Three Lessons from a Market Economy


I How to save money by buying

On the radio at waking
someone from London explains
it was the Interbank rate that was manipulated
— oh well, that’s all right then, the economy
of Ancient Rome was fragile also

— not enough cash.

Before quantitative easing
Suetonius wrote that the Roman general Vitellius
financed an entire military campaign
by selling just one of his mother’s pearl earrings.
These things, so distasteful at the time,
are sometimes
necessary in order to get ahead.

I am all at sea

just like that tv show Someone and Eva Cruise the Med
(his name also with an E
seemed memorable until I tried
to remember it). With Camilla Plots Against Kate

I’m on firmer ground.
The Romans: Emperors, sisters, wives, mothers,
now they really knew how to plot.

Imagine the headlines if Agrippina, handy
with poisons, got hold of Diphacinone.

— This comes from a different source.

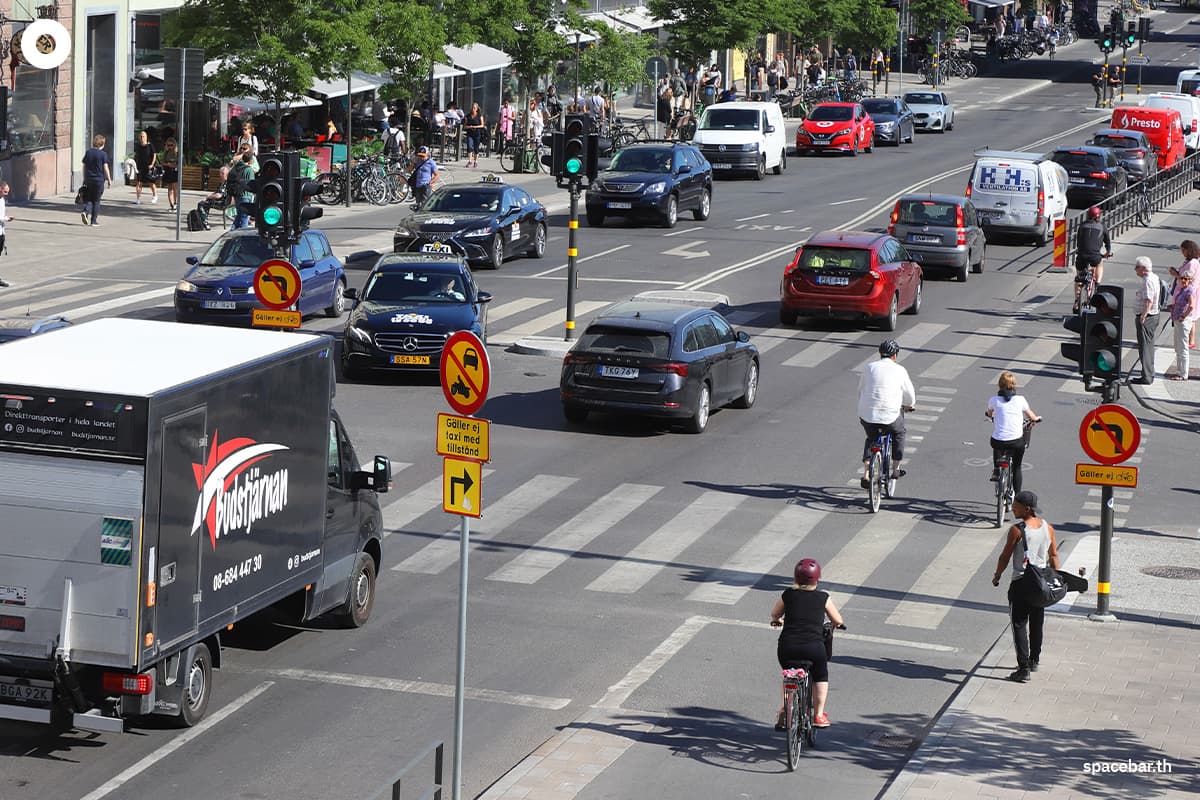 why_sweden_has_the_worlds_safest_roads_SPACEBAR_Photo01_6ba033ae73.jpg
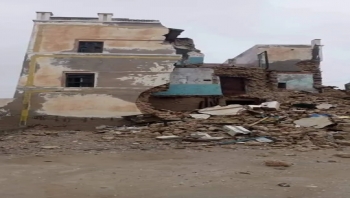 المهرة ..لجنة الاعتصام تسير قافلة مساعدات للمتضررين من الإعصار في مديرية حصوين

But I digress,
back to the economy:
slaves were cheap and plentiful and the coinage
worth less than face value.

II Easy ways to make money
in rebounding industrial stocks

Suetonius, though scrupulously exact, took omens
seriously

Are the DAX are up or down?
The finance report most mornings is a good way
to start the day.

Back in the Ancient World, most trade was maritime:
grain from Egypt, tin from Cornwall, olive oil
from Spain.

There was an incident where Julius Caesar
was ransomed by pirates – hey we all know that feeling.
Light trading day, wind hardly in the sails, but
out to conquer the world and bam!

He took exception to the price on his head
tried to talk them up – and even now
cash continues to out-perform.

In the market a gentleman’s word is his bond
so when he promised to crucify them he really meant it.
He wasn’t talking
debt syndicates ascribing upside price action to short covering.
No, he was talking
nailing the bastards to a plank of wood and then some.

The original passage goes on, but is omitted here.